======== Material for this task ========

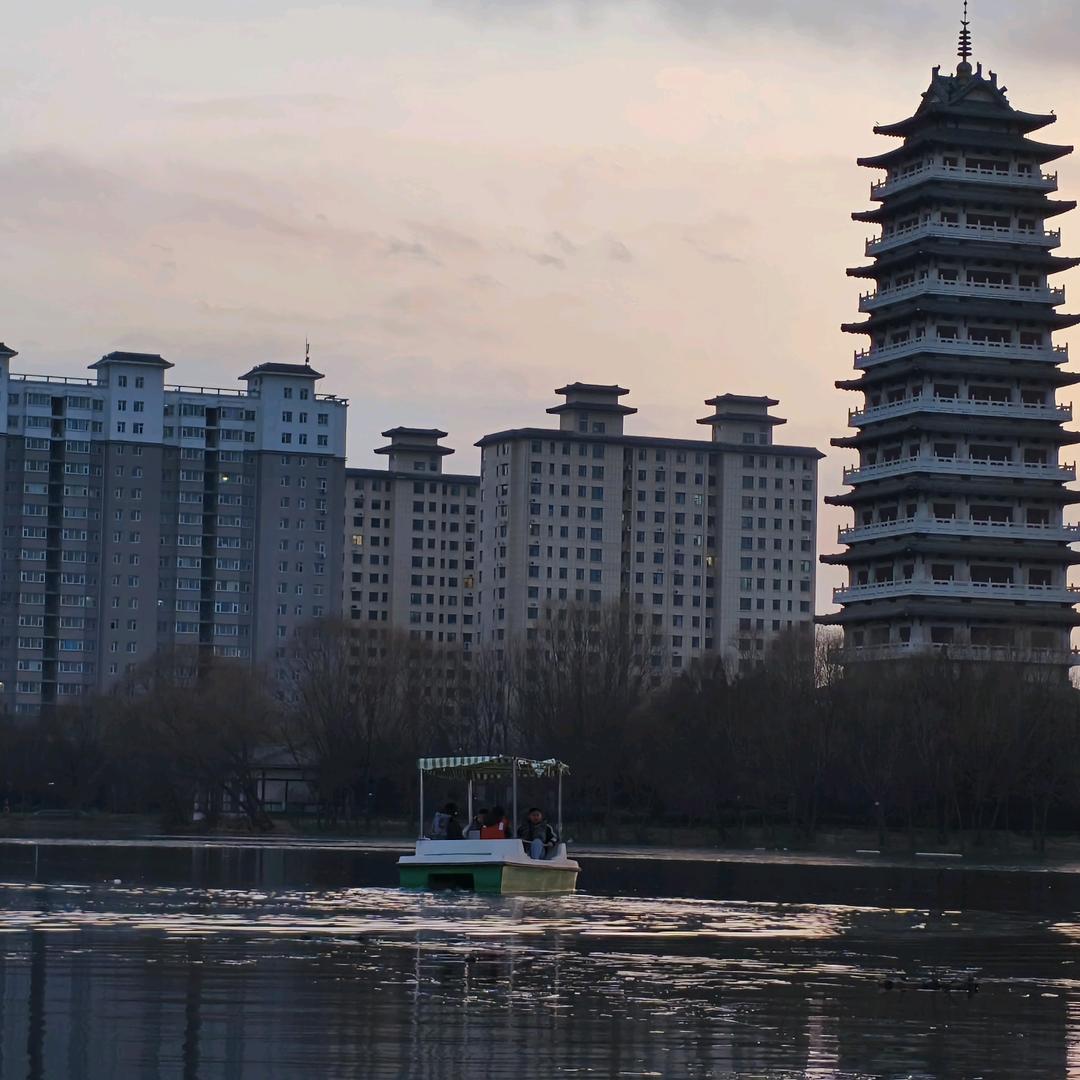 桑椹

========
======== Material for this task ========

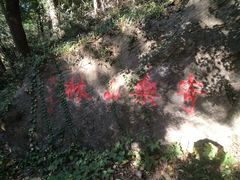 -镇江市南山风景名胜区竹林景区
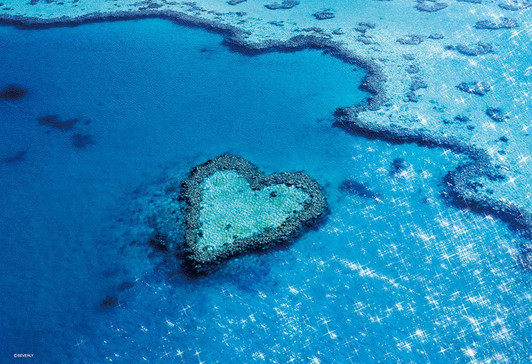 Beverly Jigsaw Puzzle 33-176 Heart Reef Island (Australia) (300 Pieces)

========

Exercise aim: Look above for the line with "-镇江市南山风景名胜区竹林景区" and the line with "Beverly Jigsaw Puzzle", then copy exactly the lines from the first through the second, both kept, with no pictures.

Solution to the problem:
 -镇江市南山风景名胜区竹林景区
 Beverly Jigsaw Puzzle 33-176 Heart Reef Island (Australia) (300 Pieces)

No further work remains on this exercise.